* [DATA SHOWN]:
- - -

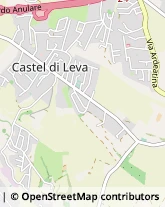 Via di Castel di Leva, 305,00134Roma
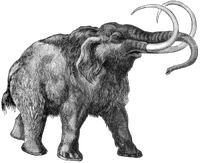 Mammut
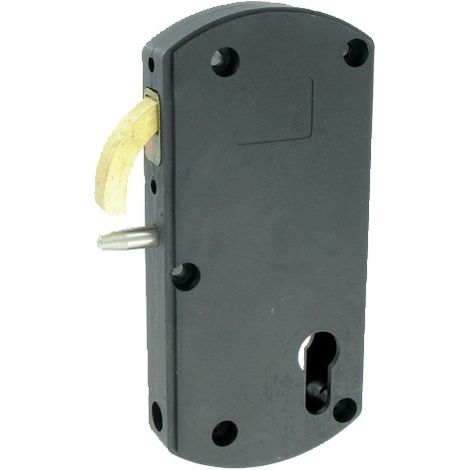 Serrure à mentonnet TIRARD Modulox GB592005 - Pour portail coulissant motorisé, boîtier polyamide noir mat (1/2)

- - -

* [YOUR GOAL]: All of the preceding material should be output verbatim, with the pictures excluded.

* [TASK RESULT]:
 Via di Castel di Leva, 305,00134Roma
 Mammut
 Serrure à mentonnet TIRARD Modulox GB592005 - Pour portail coulissant motorisé, boîtier polyamide noir mat (1/2)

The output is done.